Are you thinking about trying to push this through the IETF to make it official?
Yes. It will depend on how much resistance I get, but having it already implemented and used in Mailman will certainly help. On the other hand, there may be resistance on the basis that RFC 5064 already does everything that is "really" needed.
The spec currently lives on the wiki:
Yes, I'm a little bit familiar with that spec. :-)
If we change the header name, I'd want to keep X-Message-ID-Hash for the MM3 final release, but deprecate it. I.e. MM3 would write both headers.
I'll ask some of the IETF guys what they think about that. But if you put it in a public release, you're screwing the same kind of people Tanstaafl was talking about. Beta testers (and I mean beta testers, ie, people who have put the code in production even though it's not considered a public release) have signed up for this kind of annoyance. Random ancient Debian sysadmins haven't.
Of course we don't want to abuse our beta testers if we can avoid it, but I think if we don't want to maintain dual headers indefinitely, the public release is the time to get rid of the X- version.
As for what the List-* header would be, well, if you wanted to include the algorithm name, to be completely accurate it would have to be something like List-Base32-Encoded-SHA1-Hash-Of-The-Message-ID. Yuck ;)
We'd have to think somewhat carefully about how strong a hash we want to use if we don't specify algorithm in the field name. I'm not particularly concerned with how many bytes the header takes up. Future users can just deal with the implied BASE32 vs. BASE85 or whatever. However, if somebody thinks they need a stronger hash than we chose, we'll have interoperability problems for people who receive the message off-list.
The value of this header both serves to uniquely identify the message in a more regular format, and to serve as the final path component in the Archived-At (RFC 5064) header. So the following names come to mind:
List-Message-ID List-Archive-ID List-Archived-At-ID
suggestions welcome.
The last two are too easily confused with Archived-At.
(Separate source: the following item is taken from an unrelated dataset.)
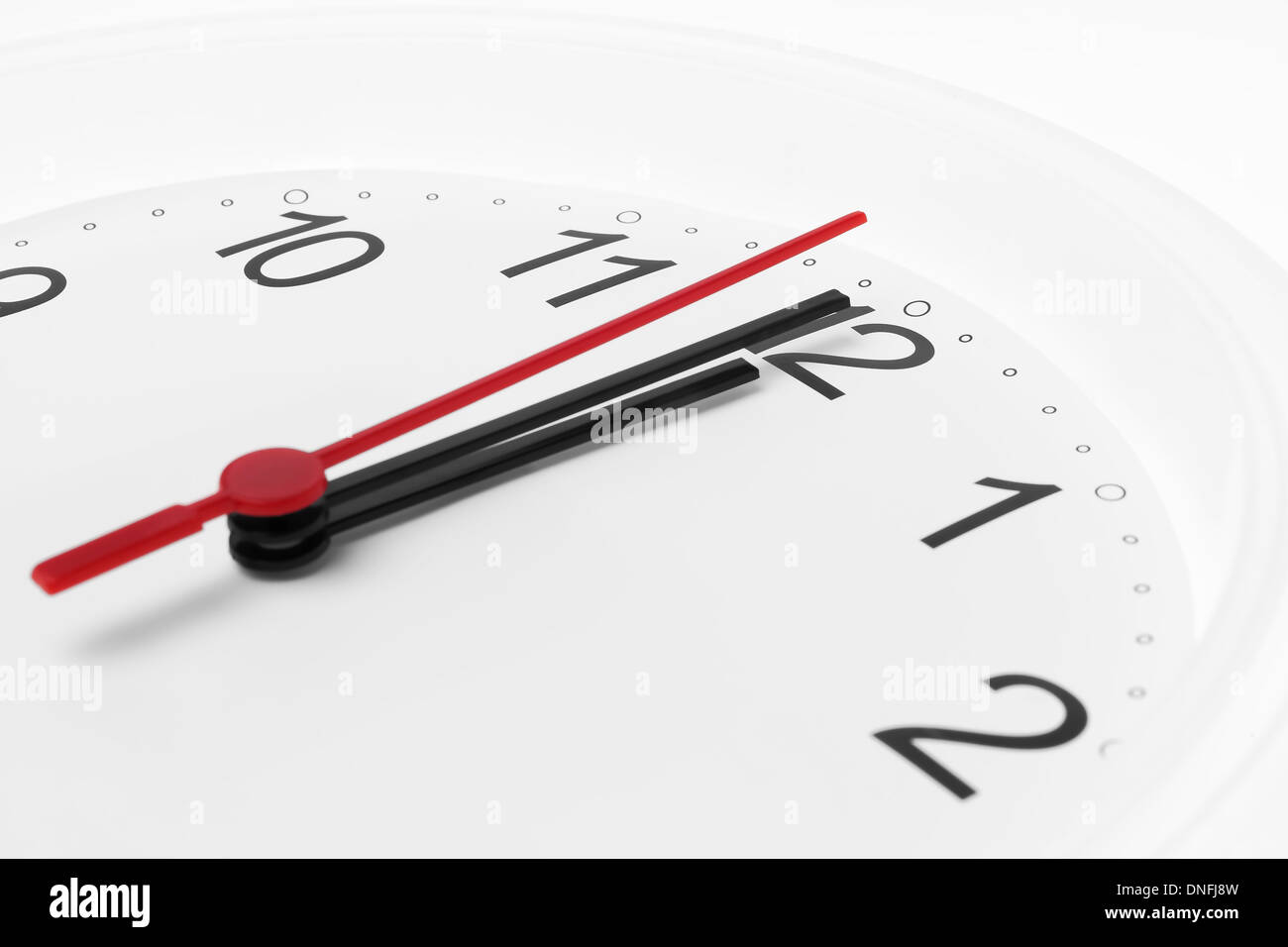 Clock countdown to midnight on white background Stock Photo Alamy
Right. However, when this was discussed several years ago, the mail-archive.com guys did some extensive data analysis on their vast collection of email. You'd have to go spelunking in the -developers archives for details, but I recall that the collision rate was so small as to be effectively negligible,
Yes. The problem is that there are people out there with MUAs that provide bogus Message-IDs (Kyle Jones's VM used to do that), and for those people all messages after the first get dropped.
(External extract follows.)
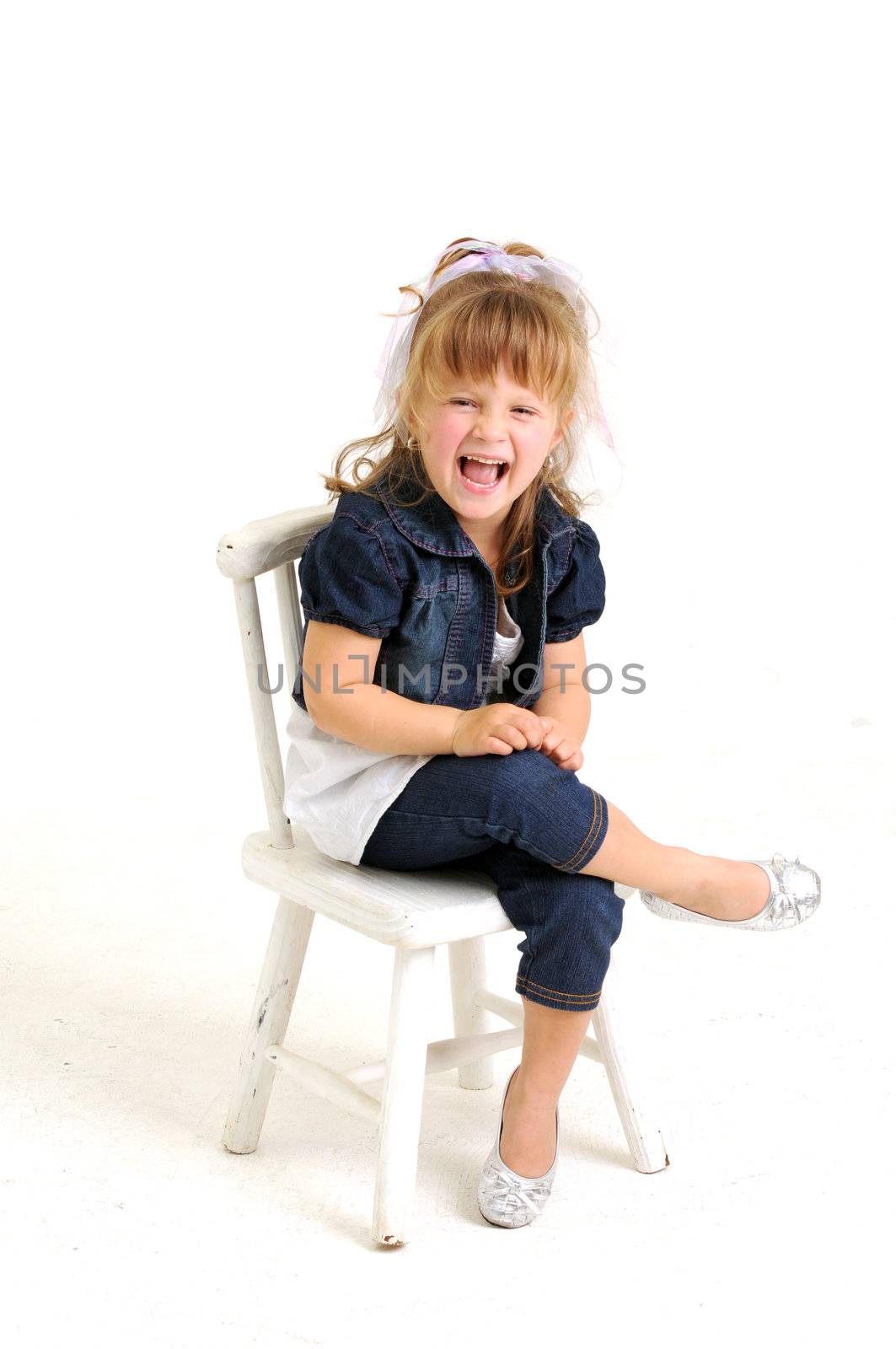 Pretty blond girl in blue dress sitting on white chair by Ansunette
Note that if the server does indeed ignore the possibility of collisions on Message-ID, then there is no need (AFAICS) for the "thin" IArchiver to communicate with the archiver proper. I don't see how it hurts to provide for the possibility of an archiver that does check content.
Right, we hash (pun intended :) all this out years ago. We can ignore collisions, and we can do the entire calculation on the server side, using Message-ID as the sole input. I think the only issue that's worth reopening is the name of the header.
Well, that's true for *us*. The folks at the IETF don't have a habit of leaving well enough alone, though. ;-)